# Cork Tape ?



## BLUESMAN (Nov 4, 2003)

I have a couple of lamiglas spinning rods around here that I'd like to duplicate the look of. Thier cork handles look seamless. How difficult is it to get a tight seamless appearance. Does the adhesive backing hold?


----------



## ASK4Fish (May 4, 2005)

the adhesive backing is plenty to wrap it tight and close...gaps will not show if the cork is not swolen when you apply it...if it is...the cork will dry and the gaps will show...cork tape is cheap...experiment...


----------



## junkmansj (Jul 23, 2005)

it's sort of a Wrap and push, Take your time and work it tight. just did almost 30 inches looks pretty good!
Buy 3X the distance covered Finished ends with a 1/4" tread wrap + epoxy


----------



## ASK4Fish (May 4, 2005)

junkmansj said:


> i Finished ends with a 1/4" tread wrap + epoxy


you can also use about 1/2" of shrink tube to seal off the ends...thats what i've been experimenting with...


----------



## Clyde (Oct 18, 2003)

Here's a little trick I use with corktape. Shhhhh! Don't tell anybody!  Thoroughly wet the blank with WD-40 before applying the cork tape. This will allow you to easily twist & slide it very tightly and you'll get a nearly seamless look every time.


----------



## ASK4Fish (May 4, 2005)

Clyde said:


> Here's a little trick I use with corktape. Shhhhh! Don't tell anybody!  Thoroughly wet the blank with WD-40 before applying the cork tape. This will allow you to easily twist & slide it very tightly and you'll get a nearly seamless look every time.


the oil will also swell the tape somewhat to make it even more seamless...i've always heard a well oiled cork (tape or grip in general) is much less likely to wear...do you believe that clyde?


----------



## Clyde (Oct 18, 2003)

Well I've definately not noticed any negative effects of it wearing on the cork tape.
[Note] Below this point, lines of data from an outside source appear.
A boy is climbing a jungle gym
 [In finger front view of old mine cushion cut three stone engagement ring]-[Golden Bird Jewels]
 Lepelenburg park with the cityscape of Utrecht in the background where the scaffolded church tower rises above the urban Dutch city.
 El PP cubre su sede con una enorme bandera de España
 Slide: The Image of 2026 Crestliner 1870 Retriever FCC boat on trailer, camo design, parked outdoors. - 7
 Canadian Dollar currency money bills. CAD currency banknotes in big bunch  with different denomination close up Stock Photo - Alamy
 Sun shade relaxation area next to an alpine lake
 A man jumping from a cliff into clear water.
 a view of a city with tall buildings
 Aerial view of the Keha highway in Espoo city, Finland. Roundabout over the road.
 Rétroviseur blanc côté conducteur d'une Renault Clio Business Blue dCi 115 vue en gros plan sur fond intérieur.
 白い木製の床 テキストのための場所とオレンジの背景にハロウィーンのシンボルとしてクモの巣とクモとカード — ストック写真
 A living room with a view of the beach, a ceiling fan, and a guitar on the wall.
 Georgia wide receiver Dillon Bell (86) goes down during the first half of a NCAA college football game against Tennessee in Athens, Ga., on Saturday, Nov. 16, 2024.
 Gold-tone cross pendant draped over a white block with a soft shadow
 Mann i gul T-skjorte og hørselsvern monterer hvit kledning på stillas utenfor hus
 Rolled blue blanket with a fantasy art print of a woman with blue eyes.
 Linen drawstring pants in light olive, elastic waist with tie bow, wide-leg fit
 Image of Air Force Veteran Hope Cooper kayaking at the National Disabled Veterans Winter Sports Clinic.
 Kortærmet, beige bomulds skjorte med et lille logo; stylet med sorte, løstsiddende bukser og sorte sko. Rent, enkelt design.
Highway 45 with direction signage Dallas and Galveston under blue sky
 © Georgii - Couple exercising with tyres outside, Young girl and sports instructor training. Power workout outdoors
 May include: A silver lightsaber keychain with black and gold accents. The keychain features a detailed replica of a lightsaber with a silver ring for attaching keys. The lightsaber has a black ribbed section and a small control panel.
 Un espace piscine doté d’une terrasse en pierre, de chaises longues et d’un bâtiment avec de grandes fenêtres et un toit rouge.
I can see how it could possibly help it to resist water as well. I definately believe in oiling natural cork, I use two coats of tru-oil on all my natural cork. Gives it a nice deep colored look and protects it as well.


----------



## BLUESMAN (Nov 4, 2003)

*Thanks guys!*

I think I'll take Clyde's trick and ASK4Fish's advice and experiment! I wonder how Armorall would be for that cork tape?


----------



## hustlur (Jan 29, 2007)

Just a suggestion. Go to a regular skateboard shop and buy a sheet of the finest grip tape. I usually put this where I tend to hold the rod more. I wrap everything with cork tape and leave the grip tape exposed.(I use a little cork tape to hold the edges just to be safe.) The adhesive on the grip tape sticks real well. Try to get a brand called "Flypaper".

Hustlur


----------



## SteveZ (Nov 30, 2006)

Hmmm. I use denatured alcohol to "lube" the blank when I apply the tape. It evaporates and the glue sticks really well. Does the WD-40 evaporate as well??? I'll hafta try it next time. Thanks for the tip, Clyde.


----------



## Joey (May 27, 2001)

Can anyone tell me where I can buy the cork tape used on Lamiglas surf rods? St. Croix's cork tape looks the same too. I've purchased the cork tape from mudhole (American Tackle) and didn't like it all. Thanks.


----------



## ASK4Fish (May 4, 2005)

i've never had a problem with mudhole's cork tape...its nice and sticky and as long as you wrap it dry and tight it'll hold really well...the only downside is that its darker than some other brands...


----------



## Fisher (May 22, 2006)

*wd 40*



Clyde said:


> Here's a little trick I use with corktape. Shhhhh! Don't tell anybody!  Thoroughly wet the blank with WD-40 before applying the cork tape. This will allow you to easily twist & slide it very tightly and you'll get a nearly seamless look every time.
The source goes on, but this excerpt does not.